10. Foi a recente divulgação deste resultado que inspirou este meu texto, pelo enorme significado que ele possui, sobretudo se visto à luz da nossa própria realidade. Por vezes, nós esquecemo-nos que temos também uma história recente com marcas indeléveis.

11. No dia 15 de Junho, o actual Primeiro-Ministro, David Cameron, apresentou no Parlamento britânico o resultado desse inquérito que durou 12 anos a produzir resultados definitivos. De seguida, David Cameron pediu desculpas públicas pelo acto praticado pelos militares, um pedido de desculpas públicas que o enobrece e, de certo modo, suaviza a ira dos católicos irlandeses, que registam o “Domingo Sangrento de 1972” como um momento negro na sua história. As desculpas pedidas por David Cameron de modo algum restituirão as vidas perdidas, mas elas têm o condão de repor a verdade histórica, abrindo o caminho para a concessão de eventuais indemnizações pecuniárias, ou outras.

12. O dia 22 de Janeiro de 1993 não coincidiu com um Domingo. O dia 22 de Janeiro de 1993 foi uma Sexta-Feira. Nesse dia, Luanda viveu uma acção repressiva sem precedentes, saldando-se por muitas vítimas entre homens, mulheres e crianças originários das províncias angolanas do Uíge e Zaire. A repressão prosseguiu nos dias 23 e 24. Fala-se mesmo em centenas de mortos, mas, é muito difícil confirmar a veracidade dessa estimativa. O estopim da acção foi a informação posta a circular, no dia 21, por um órgão oficial de comunicação social, segundo o qual estava em preparação uma tentativa de assassinato do Presidente Eduardo dos Santos. A comunidade bakongo de Angola lembra o dia 22 de Janeiro de 1993 como “A Sexta-Feira Sangrenta”.

13. O massacre da “Sexta-Feira Sangrenta” não foi objecto de um rigoroso inquérito, creio até que ele caiu no esquecimento. Assim, não há, pois, como imputar culpas directas, muito menos a quem atribuir a responsabilidade política do acto. É por isso que os autores materiais e morais da “Sexta-Feira Sangrenta” se passeiam livremente pelas nossas ruas, como se nada de mal tivessem feito… Eles dormem, descansados, o sono que é devido apenas aos justos…

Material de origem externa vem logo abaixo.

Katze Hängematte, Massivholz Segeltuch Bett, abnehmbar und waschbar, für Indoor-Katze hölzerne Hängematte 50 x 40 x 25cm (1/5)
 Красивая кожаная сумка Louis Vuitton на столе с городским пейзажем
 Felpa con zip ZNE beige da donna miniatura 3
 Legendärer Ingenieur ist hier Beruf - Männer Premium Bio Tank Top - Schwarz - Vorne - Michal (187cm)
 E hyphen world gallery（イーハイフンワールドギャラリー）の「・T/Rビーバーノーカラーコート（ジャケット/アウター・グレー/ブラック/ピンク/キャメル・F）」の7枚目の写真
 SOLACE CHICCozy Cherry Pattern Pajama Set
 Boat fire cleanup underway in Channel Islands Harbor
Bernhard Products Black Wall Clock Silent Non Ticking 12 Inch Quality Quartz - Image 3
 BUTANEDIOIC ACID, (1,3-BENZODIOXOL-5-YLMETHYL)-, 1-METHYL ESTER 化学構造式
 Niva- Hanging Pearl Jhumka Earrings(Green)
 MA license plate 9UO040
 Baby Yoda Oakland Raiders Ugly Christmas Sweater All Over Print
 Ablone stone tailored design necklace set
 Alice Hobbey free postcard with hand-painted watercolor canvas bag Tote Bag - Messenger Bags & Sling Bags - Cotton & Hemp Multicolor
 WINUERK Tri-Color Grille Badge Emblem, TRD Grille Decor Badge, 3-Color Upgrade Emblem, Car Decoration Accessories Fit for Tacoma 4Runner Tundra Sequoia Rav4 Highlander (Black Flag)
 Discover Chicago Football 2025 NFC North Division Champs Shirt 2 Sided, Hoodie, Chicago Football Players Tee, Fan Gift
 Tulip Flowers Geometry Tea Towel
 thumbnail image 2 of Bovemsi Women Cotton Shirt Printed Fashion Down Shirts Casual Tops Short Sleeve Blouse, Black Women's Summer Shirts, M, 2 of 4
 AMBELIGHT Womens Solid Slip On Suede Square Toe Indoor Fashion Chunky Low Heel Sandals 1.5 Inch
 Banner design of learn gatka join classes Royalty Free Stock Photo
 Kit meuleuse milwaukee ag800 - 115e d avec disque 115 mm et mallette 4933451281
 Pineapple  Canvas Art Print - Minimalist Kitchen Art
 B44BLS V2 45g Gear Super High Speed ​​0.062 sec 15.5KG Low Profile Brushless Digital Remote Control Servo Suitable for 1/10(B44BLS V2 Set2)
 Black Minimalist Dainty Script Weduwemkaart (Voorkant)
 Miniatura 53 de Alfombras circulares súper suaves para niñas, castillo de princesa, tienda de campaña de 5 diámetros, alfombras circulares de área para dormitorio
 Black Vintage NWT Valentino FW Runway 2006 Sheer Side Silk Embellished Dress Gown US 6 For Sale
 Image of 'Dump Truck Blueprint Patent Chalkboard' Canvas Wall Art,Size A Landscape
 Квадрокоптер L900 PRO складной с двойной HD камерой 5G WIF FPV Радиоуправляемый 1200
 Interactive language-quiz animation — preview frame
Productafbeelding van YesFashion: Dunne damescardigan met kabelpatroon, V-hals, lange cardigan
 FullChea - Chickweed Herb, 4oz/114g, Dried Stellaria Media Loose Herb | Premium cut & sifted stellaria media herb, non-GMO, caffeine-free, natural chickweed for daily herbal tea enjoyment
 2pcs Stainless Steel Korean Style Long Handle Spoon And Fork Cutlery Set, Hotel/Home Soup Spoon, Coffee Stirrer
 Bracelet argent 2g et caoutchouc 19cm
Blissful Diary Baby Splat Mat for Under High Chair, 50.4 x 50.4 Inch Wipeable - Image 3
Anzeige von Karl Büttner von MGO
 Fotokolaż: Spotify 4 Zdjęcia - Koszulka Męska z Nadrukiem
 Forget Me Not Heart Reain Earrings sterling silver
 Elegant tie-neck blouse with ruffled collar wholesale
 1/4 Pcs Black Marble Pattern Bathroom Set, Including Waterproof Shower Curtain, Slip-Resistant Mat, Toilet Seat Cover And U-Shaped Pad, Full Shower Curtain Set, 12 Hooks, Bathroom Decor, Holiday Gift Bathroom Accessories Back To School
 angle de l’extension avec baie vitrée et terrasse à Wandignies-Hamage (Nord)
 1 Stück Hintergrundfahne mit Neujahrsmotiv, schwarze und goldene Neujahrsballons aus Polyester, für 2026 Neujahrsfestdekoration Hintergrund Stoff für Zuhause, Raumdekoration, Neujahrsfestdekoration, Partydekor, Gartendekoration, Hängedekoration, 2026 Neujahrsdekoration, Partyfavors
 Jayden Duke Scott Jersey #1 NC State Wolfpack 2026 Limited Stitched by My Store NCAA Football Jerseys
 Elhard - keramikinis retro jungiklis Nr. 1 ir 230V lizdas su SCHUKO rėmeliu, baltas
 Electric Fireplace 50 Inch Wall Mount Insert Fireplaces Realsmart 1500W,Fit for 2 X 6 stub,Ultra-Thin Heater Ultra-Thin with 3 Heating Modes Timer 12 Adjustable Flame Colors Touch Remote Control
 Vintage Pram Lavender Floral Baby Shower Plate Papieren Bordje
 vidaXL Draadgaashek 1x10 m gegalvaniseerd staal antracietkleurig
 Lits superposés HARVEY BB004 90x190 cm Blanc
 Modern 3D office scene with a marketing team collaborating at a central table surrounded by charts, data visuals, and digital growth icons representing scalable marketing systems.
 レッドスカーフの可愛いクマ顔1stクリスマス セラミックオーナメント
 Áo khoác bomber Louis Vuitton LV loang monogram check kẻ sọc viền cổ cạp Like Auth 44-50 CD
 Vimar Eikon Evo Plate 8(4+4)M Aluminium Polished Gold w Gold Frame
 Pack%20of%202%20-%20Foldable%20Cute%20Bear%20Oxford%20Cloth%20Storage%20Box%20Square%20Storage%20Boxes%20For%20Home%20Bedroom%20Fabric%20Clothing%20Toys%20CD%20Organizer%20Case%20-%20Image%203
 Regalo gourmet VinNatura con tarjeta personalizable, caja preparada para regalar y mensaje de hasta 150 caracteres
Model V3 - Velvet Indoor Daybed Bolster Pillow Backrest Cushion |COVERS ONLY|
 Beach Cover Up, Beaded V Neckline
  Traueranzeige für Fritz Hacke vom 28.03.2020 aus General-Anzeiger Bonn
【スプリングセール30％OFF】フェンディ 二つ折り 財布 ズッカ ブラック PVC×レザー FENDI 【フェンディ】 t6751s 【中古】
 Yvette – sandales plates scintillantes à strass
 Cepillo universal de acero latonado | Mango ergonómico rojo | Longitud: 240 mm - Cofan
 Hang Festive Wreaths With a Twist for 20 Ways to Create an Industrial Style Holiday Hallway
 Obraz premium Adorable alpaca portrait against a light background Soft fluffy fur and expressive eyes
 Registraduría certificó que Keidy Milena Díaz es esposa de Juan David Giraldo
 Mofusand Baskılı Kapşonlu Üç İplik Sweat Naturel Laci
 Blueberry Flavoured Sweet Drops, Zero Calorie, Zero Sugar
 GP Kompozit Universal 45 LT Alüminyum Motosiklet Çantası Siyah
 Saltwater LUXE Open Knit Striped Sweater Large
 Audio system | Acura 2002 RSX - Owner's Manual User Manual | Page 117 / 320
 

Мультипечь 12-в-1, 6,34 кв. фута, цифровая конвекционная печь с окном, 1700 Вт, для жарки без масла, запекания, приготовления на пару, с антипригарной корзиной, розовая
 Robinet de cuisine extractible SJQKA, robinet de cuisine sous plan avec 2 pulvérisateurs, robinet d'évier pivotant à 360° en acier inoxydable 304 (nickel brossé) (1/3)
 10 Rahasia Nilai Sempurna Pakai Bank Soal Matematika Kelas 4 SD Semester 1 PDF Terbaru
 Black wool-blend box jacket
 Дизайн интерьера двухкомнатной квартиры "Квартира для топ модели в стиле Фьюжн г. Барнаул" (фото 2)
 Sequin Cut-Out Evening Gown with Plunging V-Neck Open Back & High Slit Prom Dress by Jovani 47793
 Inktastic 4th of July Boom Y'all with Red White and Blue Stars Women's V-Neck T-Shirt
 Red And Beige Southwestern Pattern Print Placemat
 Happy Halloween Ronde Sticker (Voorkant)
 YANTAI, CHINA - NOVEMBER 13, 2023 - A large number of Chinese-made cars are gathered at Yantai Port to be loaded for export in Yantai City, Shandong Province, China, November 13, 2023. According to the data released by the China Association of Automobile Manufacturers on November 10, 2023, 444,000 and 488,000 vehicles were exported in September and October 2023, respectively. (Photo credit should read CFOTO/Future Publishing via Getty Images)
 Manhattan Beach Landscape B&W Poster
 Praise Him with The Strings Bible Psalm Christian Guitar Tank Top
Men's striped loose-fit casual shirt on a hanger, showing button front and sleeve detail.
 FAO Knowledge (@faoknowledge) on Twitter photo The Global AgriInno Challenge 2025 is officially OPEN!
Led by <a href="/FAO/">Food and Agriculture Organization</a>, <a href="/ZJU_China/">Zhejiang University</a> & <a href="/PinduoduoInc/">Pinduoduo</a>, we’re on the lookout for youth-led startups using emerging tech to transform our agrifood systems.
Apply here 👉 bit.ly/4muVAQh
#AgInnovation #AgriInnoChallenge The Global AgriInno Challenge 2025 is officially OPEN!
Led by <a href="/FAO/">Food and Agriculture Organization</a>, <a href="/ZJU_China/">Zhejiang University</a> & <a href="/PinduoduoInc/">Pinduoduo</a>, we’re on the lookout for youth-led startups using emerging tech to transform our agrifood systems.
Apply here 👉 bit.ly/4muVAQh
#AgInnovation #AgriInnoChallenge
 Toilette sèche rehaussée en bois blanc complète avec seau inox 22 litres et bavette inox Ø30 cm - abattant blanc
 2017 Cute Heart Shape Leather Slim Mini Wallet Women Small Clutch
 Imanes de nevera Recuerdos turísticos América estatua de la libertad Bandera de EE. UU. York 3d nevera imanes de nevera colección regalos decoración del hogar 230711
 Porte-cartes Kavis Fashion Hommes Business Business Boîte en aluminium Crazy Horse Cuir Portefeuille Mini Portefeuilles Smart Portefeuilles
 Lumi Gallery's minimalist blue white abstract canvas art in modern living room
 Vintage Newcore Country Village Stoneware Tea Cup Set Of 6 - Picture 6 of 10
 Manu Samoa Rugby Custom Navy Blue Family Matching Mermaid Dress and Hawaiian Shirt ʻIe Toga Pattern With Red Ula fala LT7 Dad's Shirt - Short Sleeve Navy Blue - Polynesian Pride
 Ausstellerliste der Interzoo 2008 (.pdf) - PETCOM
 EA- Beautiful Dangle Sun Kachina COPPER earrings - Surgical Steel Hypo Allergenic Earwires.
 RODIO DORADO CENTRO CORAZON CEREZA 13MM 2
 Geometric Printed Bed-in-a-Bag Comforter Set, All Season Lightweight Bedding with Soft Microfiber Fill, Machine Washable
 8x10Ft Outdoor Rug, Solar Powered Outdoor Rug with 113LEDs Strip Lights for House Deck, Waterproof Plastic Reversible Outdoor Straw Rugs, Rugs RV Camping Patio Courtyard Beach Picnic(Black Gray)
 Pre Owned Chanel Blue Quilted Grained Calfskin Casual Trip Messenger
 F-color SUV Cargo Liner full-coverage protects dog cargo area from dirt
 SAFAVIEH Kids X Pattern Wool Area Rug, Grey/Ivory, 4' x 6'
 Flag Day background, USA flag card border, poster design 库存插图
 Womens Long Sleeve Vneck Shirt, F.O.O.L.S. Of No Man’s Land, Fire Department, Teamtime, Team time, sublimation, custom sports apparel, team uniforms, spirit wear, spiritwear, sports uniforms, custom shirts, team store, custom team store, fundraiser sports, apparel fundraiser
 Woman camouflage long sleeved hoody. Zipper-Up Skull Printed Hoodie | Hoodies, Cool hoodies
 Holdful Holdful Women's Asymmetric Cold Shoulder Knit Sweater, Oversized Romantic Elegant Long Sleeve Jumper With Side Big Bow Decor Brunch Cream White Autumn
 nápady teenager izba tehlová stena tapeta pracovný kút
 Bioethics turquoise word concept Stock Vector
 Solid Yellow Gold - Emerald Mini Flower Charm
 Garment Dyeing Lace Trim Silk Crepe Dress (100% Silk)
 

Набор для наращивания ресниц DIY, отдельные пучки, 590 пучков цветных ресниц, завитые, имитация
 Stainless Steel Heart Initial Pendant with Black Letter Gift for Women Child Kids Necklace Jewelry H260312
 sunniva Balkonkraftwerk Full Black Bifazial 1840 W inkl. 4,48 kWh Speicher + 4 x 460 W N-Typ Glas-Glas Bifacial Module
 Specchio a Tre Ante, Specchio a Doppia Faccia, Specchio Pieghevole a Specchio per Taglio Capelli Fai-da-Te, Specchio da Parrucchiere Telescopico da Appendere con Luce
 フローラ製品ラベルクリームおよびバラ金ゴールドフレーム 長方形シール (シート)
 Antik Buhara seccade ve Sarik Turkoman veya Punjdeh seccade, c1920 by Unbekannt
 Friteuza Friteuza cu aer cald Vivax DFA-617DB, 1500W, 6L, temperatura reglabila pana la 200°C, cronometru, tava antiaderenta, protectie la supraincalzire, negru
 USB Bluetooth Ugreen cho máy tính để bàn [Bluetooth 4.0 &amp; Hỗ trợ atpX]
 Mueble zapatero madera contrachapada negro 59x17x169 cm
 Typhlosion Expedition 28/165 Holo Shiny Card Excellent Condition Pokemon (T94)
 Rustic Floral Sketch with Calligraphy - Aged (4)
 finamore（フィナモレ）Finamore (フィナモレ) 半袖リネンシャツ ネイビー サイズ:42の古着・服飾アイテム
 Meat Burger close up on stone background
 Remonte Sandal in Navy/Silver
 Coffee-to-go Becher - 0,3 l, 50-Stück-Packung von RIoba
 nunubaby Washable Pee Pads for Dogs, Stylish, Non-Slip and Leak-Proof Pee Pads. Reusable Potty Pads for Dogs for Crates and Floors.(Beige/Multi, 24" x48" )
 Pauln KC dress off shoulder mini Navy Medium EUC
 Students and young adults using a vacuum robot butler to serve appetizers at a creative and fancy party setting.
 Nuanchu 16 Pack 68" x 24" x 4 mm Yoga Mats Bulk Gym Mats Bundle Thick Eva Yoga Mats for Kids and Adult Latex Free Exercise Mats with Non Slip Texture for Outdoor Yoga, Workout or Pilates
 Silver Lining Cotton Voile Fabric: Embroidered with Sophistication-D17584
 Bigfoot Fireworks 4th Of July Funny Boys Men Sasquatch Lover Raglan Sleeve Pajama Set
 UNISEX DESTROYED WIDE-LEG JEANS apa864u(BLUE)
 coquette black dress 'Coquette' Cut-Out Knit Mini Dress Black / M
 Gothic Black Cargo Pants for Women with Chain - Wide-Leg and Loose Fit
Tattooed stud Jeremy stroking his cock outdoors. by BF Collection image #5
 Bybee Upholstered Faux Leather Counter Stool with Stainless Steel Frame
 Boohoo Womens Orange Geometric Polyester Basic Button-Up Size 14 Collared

14. Felizmente que “A Sexta-Feira Sangrenta” de Luanda não desencadeou revoluções nem estimulou separatismos – apenas lançou sinais de intolerância e de desconfiança étnica. Mas, a sua impunidade inquieta… Até que um dia surja, entre nós, um Tony Blair que ordene um rigoroso inquérito. Ou, então, que sobreviva um David Cameron, com coragem de assumir publicamente que houve, realmente, quem tenha violado os direitos mais elementares da pessoa humana – e por motivações meramente étnicas. Isso torna mais grave esse crime – ele já por si hediondo.